▼

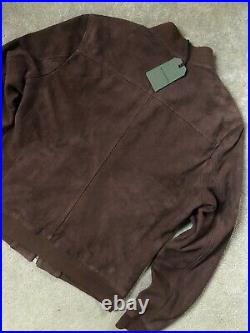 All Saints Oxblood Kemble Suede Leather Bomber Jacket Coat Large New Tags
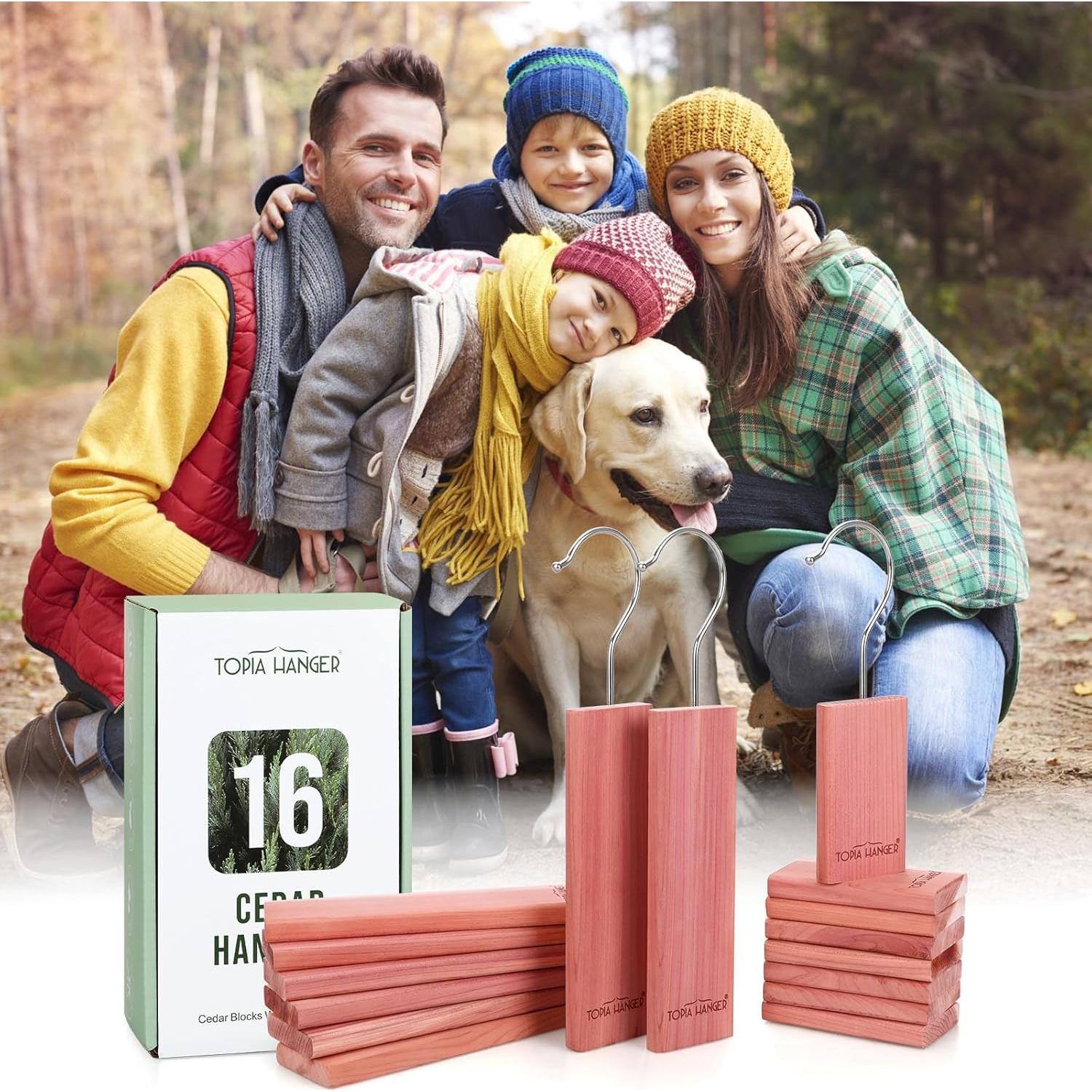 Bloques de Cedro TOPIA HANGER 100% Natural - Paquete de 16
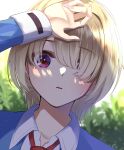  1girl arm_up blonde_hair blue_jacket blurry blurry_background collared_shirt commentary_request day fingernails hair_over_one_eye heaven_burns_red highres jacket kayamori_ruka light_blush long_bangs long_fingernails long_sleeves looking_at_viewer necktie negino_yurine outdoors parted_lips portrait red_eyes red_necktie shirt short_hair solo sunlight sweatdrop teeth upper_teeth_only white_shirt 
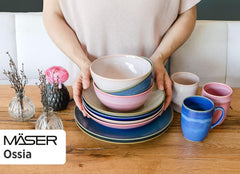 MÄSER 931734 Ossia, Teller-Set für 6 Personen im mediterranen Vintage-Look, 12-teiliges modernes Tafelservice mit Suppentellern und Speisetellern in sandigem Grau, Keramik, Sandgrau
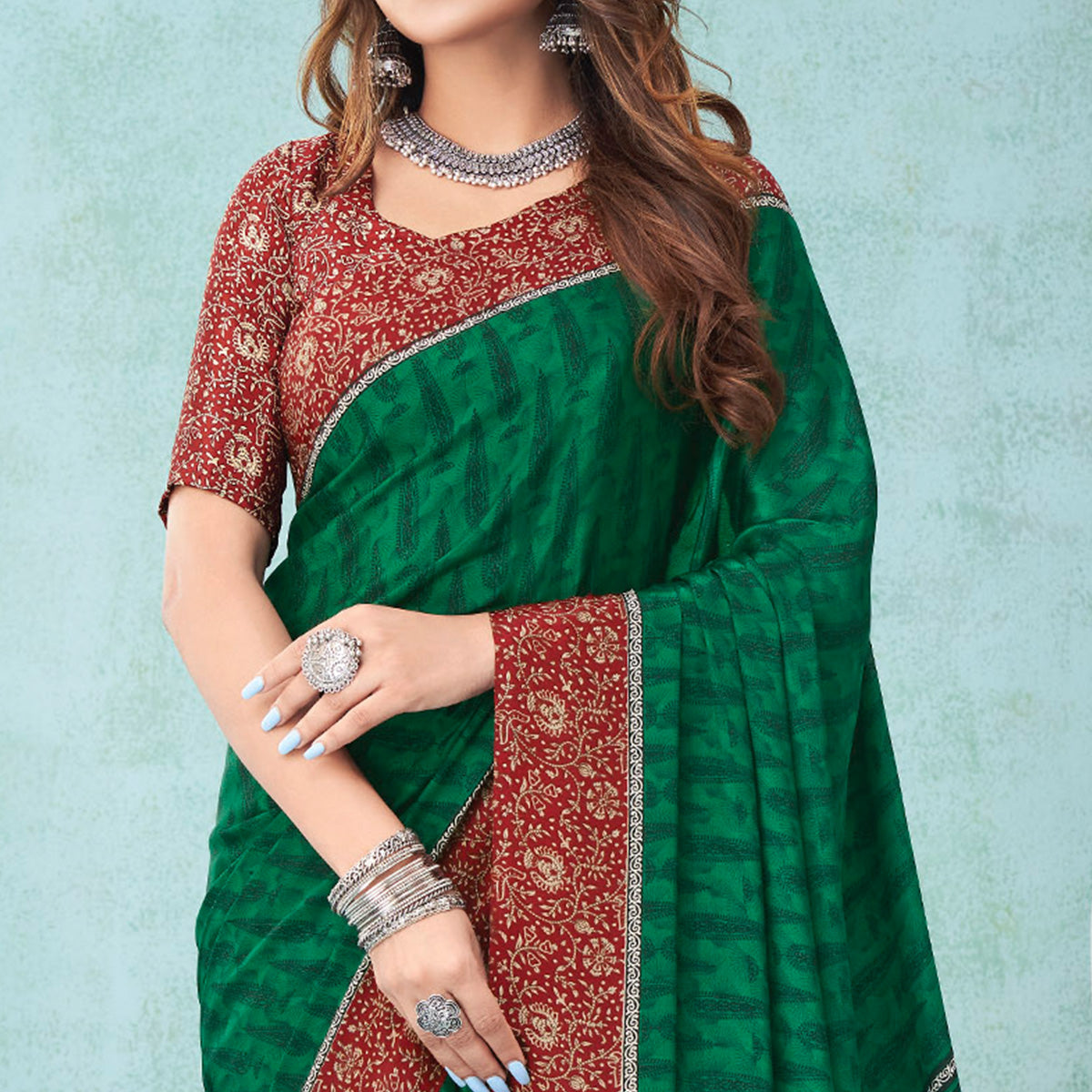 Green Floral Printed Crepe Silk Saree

▲

REQUIRED WORK: Say again, word for word, the lines beginning at the top of the data and ending with the line that has "1girl arm_up blonde_hair". Skip the pictures.

RESULT OF THE EXERCISE:
 All Saints Oxblood Kemble Suede Leather Bomber Jacket Coat Large New Tags
 Bloques de Cedro TOPIA HANGER 100% Natural - Paquete de 16
  1girl arm_up blonde_hair blue_jacket blurry blurry_background collared_shirt commentary_request day fingernails hair_over_one_eye heaven_burns_red highres jacket kayamori_ruka light_blush long_bangs long_fingernails long_sleeves looking_at_viewer necktie negino_yurine outdoors parted_lips portrait red_eyes red_necktie shirt short_hair solo sunlight sweatdrop teeth upper_teeth_only white_shirt 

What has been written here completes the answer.